Hourly or daily rate? IT contractor guide to pay

Sleepless nights among the business community owing to worries about payment terms might be on the increase, but the terms of payment that IT contractors should concern themselves with remain the same: Hourly (H) and Daily (D).

Although there are exceptions - 'fixed price work', 'time & materials' and 'payment by results', 'D' or 'H' is the term invariably used to advertise how much a freelance IT contract should payout.

(H) rates or Hourly charge rate

  • The candidate is paid for the total number of hours worked, receiving a fixed sum for each hour worked
  • The more junior the role, the more likely pay is hourly
  • As every hour worked is an hour paid, hourly rates may be preferable on long projects, particularly as contractors don't get paid overtime, and rarely get an overtime rate or anything similar
  • Predominant on freelance bidding sites and favoured for freelance IT roles at blue-collar organisations
  • The candidate typically invoices weekly, for the hours worked in that single week.
  • When setting your charge out rate, come up with a template or formula you can apply to different offers as they come in. Example: your hourly rate could be your ideal annual salary divided by 1,750 hours, so £45,000 P/A = £26 per hour. 1,750 is used in this example because it is roughly the number of working hours per calendar year when a contactor can expect to work for ten months of the year (8 hours per day * 5 working days per week * 52 weeks / 12 months in the year * 10 working months = 1,733)

(D) rates or Daily charge rate

  • The candidate is paid for the total number of days worked, receiving a fixed sum for each day worked, and invoices monthly
  • The more senior the role, the more likely pay is daily
  • A daily rate is usually for a set number of hours and does not allow for excessive work. The drawback is the contractor can end up working more than the standard day (circa 7.5 hours) for a flat rate
  • Favoured on professional, white collar contract roles. Liked by end-users for appearing to keep budgets more in check.
  • Come up with a template or formula that can be applied to different job offers to determine your call out/ charge out rate per day. Know this well as day rates are the norm for most leading contracting sites and boards. Also, when approached by prospective clients about a call out rate, pay that is not offered first on daily basis may be off-putting to lucrative consulting enquirers. Day rates tend to offer more certainty to the end-user in terms of the final bill they will be expected to pay the contractor.

Who's rate is it anyway?

Like salaries for 'permies', rates for contractors are down to the client. As the end-user is the ultimate holder of the purse strings, any subsequent appeal (at renewal stage) for a rate/pay increase is less effective if confined to the recruitment agency.

Where a client (and contractor) is working through an agency, the client invariably has an idea at to what rates they are willing to pay for each contract. But often the agent has a degree of influence, which is more likely to be exerted where the client is unaware of current rates, new to contract hiring or unfamiliar with freelance IT skills.

Rate questions to ask to avoid pitfalls

  • How long is a day?
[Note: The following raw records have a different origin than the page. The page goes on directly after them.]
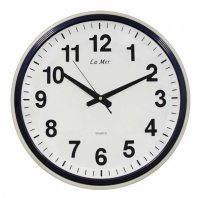   La Mer Gd 077002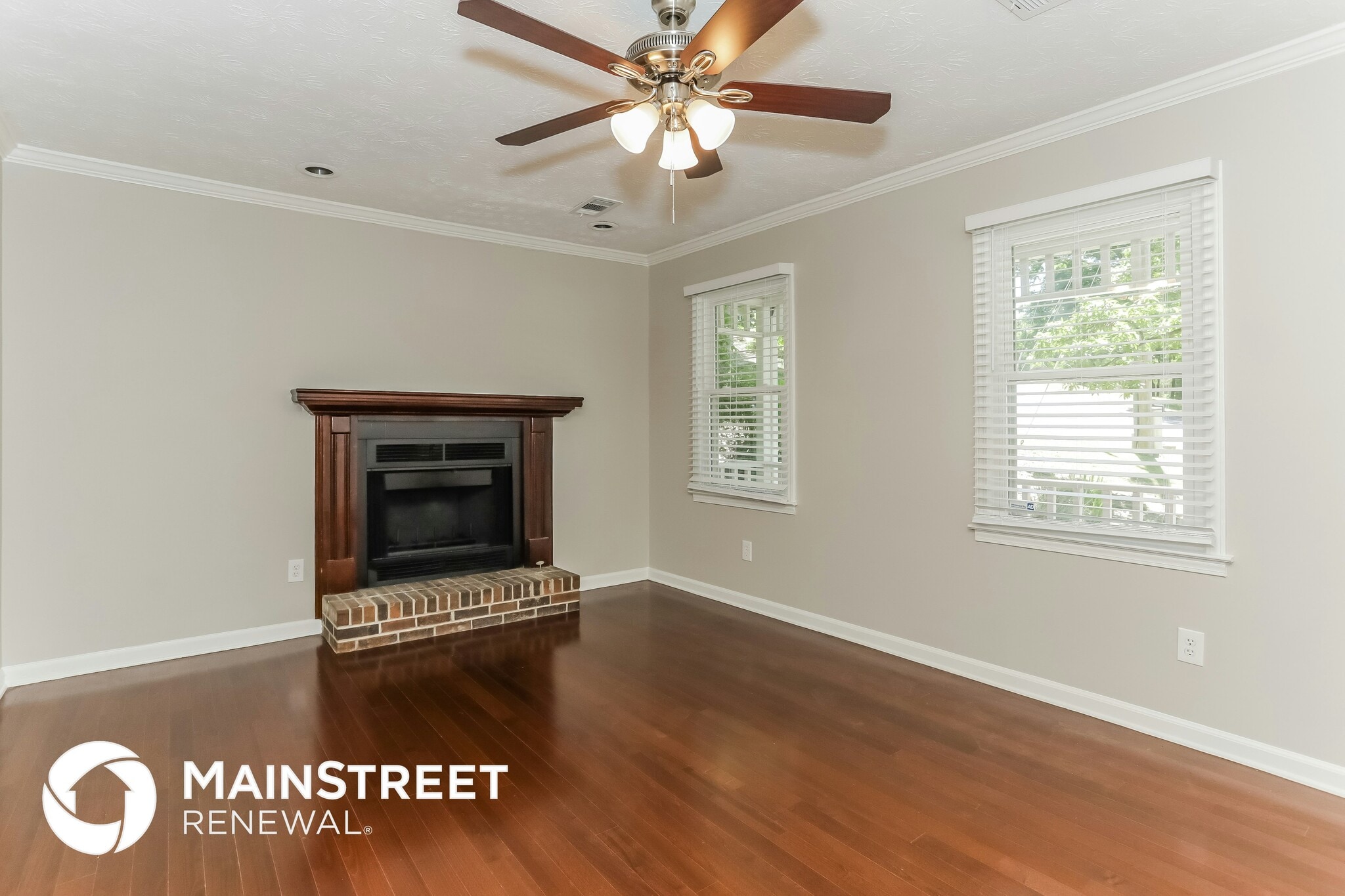 Building Photo - 3385 Revere Cir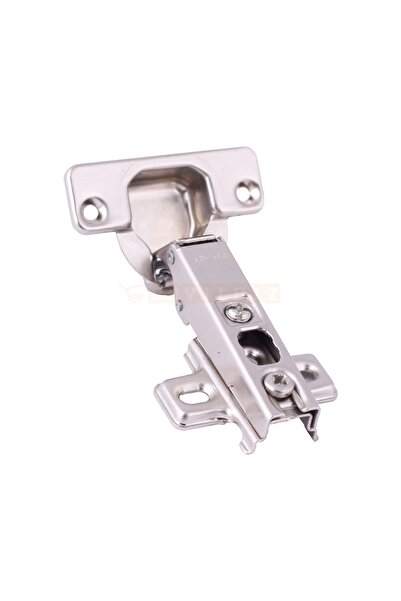 SAMET Star Duz Mentese Dolap Mentesesı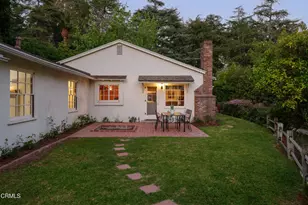 4733 Hillard Ave, La Canada Flintridge, CA 91011 - Photo 61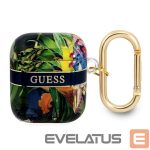 Tagakaaned Guess  Blue 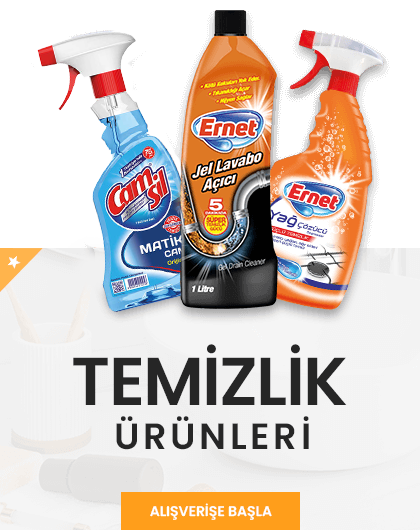 temizlik-urunleri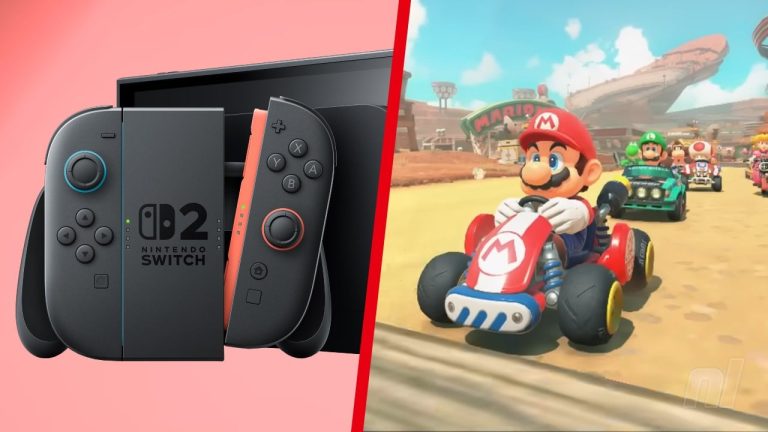 nintendo-switch-2-direct.large_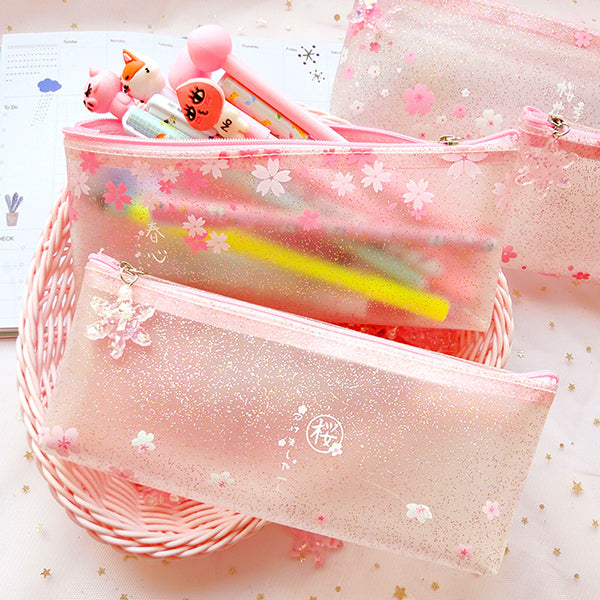 Pinky-Sakura-Blossom-Translucent-Pencil-Case-5.jpg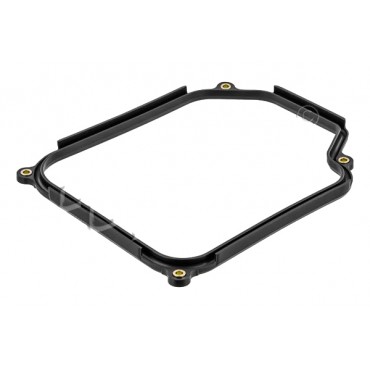 Joint de Carter d'Huile de Boite Auto Pour Audi A3 Seat Toledo Leon 96321370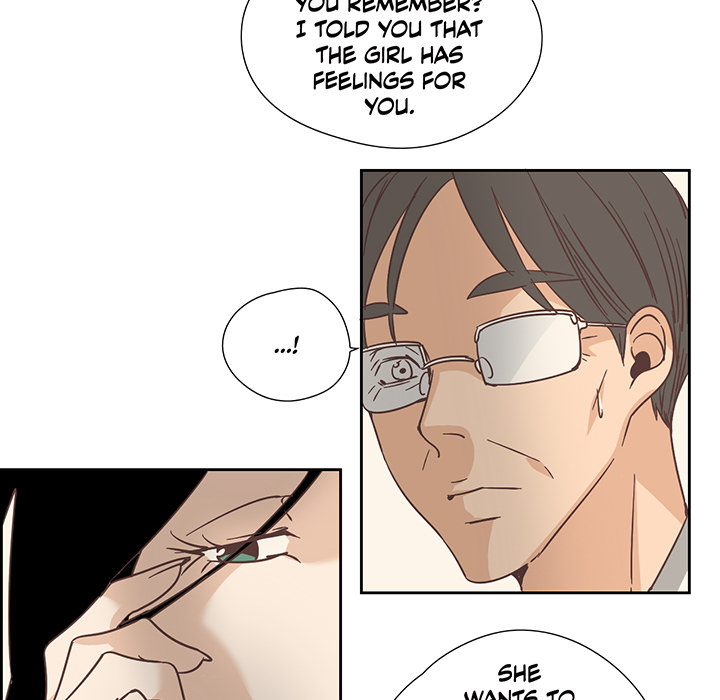 An Innocent Sin - episode 54 - 43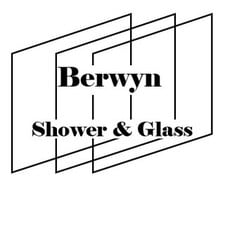 Avatar for Berwyn Shower & Glass, LLC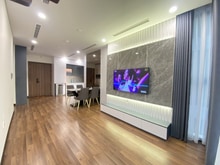 Hình ảnh Cần bán Trang Chủ MB66.COM / Đăng Ký Tặng 66K chung cư Dịch Vọng Cầu Giấy, Hà Nội, 88m2, Giá 5.9 tỷ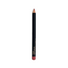 Lip Pencil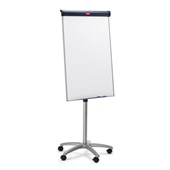 Easels  Easels Pads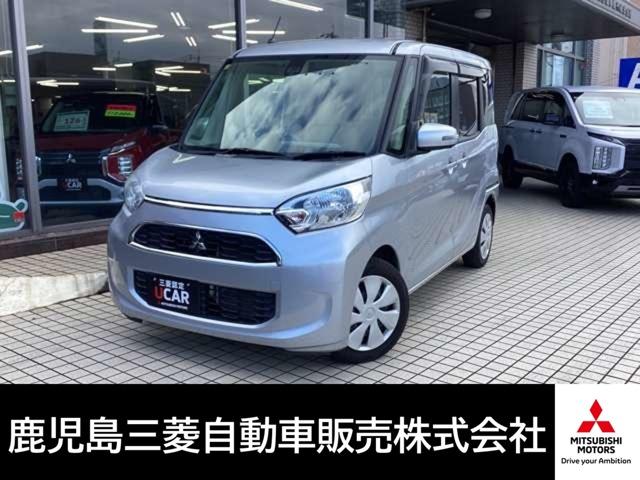 ɩ ˥ڡ ǡեƥѥåȥҡɻ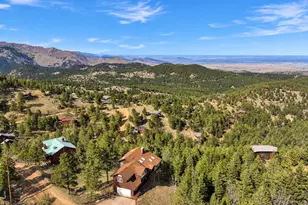 107 Sunrise Ln, Boulder, CO 80302 - Photo 30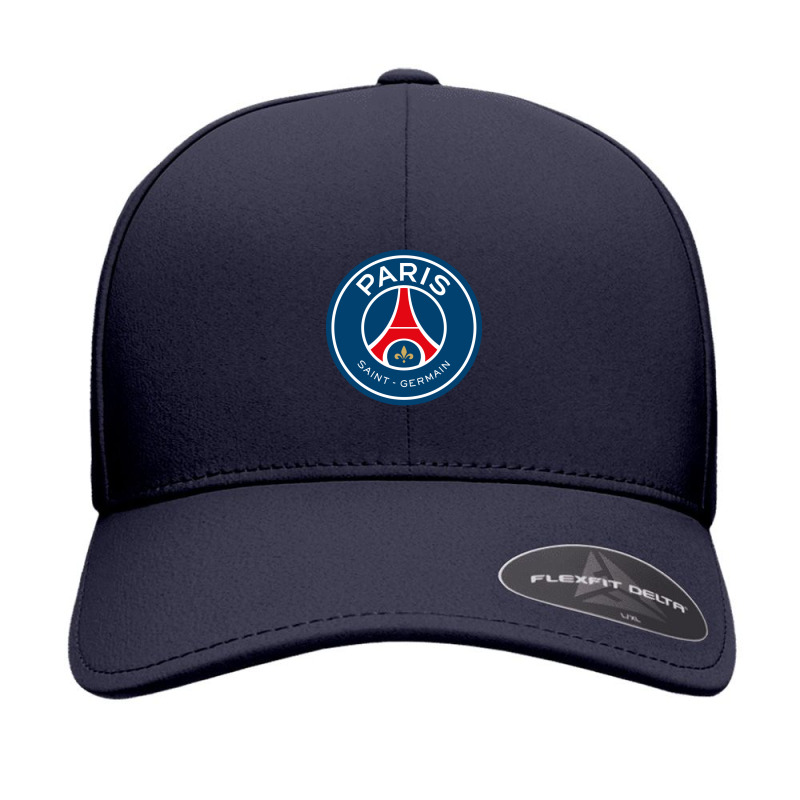 Paris,saint,germain Seamless Cap by sireum | Artistshot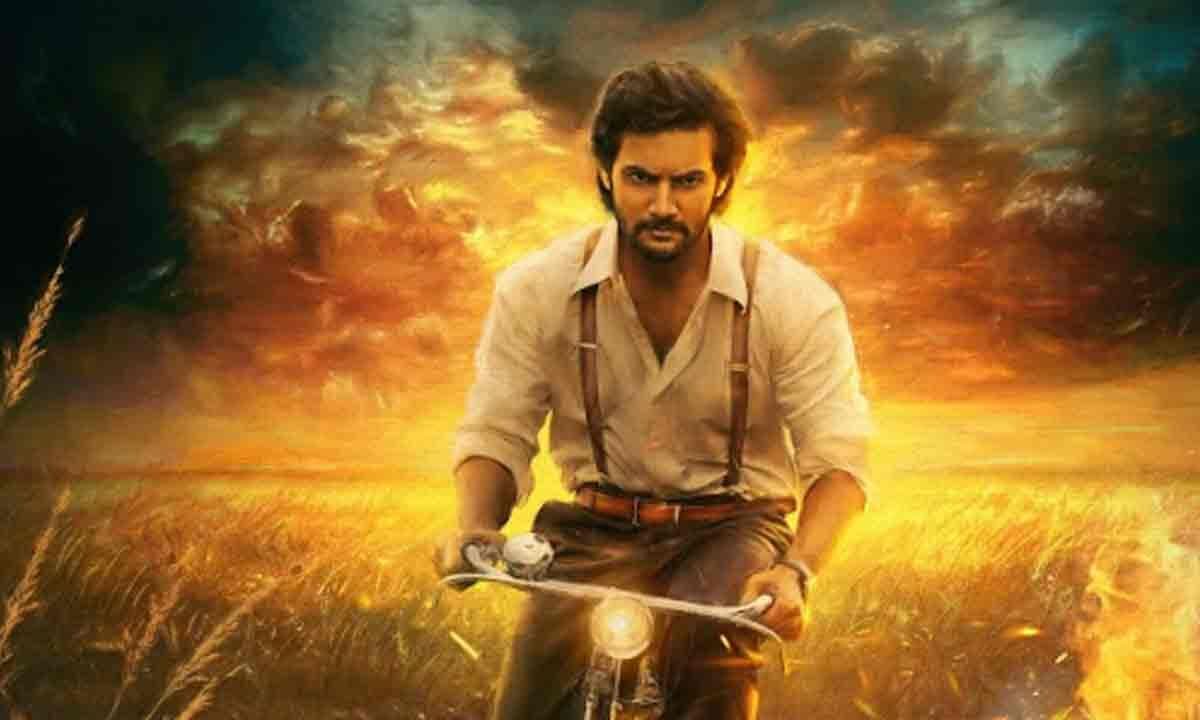 Shambhala Review: Science vs Spirituality in a Supernatural Setup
In other words, how many hours per day are you expected to put in, as a minimum, when working on a day rate?
  • How often are you expected to work longer than the advertised hours or the set number of hours in the day rate?
  • Is there any provision for extra pay or an inflated rate to cover longer assignments during unsociable hours?
  • Are rates, or pay or remuneration, mentioned in your contract, or supporting paperwork? Is there, for example, any mention of pay/rates under the contract's notice period or restrictive covenant?
  • Will the expected rate, or envisioned charge-out rate, have any bearing on any insurance agreements or protections that are already in place?

Not asking on rates avoids pitfalls

On the whole, end-users will not want you to discuss your rate with other contractors. In some cases, your contract may state that discussing rates is not permitted - therefore you would breach your terms if you did talk about it. So be careful with contractors asking about pay, no matter how informal their approach or questioning. If in doubt, don't say anything.

Rate rise: If you don't ask, you don't get

At the end of you contract term, it is possible for you to secure a higher rate than the rate you commenced on. However if the terms is only for one week initially, then that's too soon to ask for more money!

Beyond that, an ideal time to successfully negotiate a rate rise is where your role has changed significantly from the work that you were brought in to do. There are many other factors to consider but, to gauge your chance of securing a rise, put yourself in the client's place and then ask whether your request is still reasonable. Don't expect to always get a raise just because you ask, but if you don't ask...

Guidance - as told to CUK - by Andrea Williams, a director at Outsource UK, a Swindon-based IT recruitment agency, specialising in placing interim and contract IT personnel to a range of industries in the UK and Europe.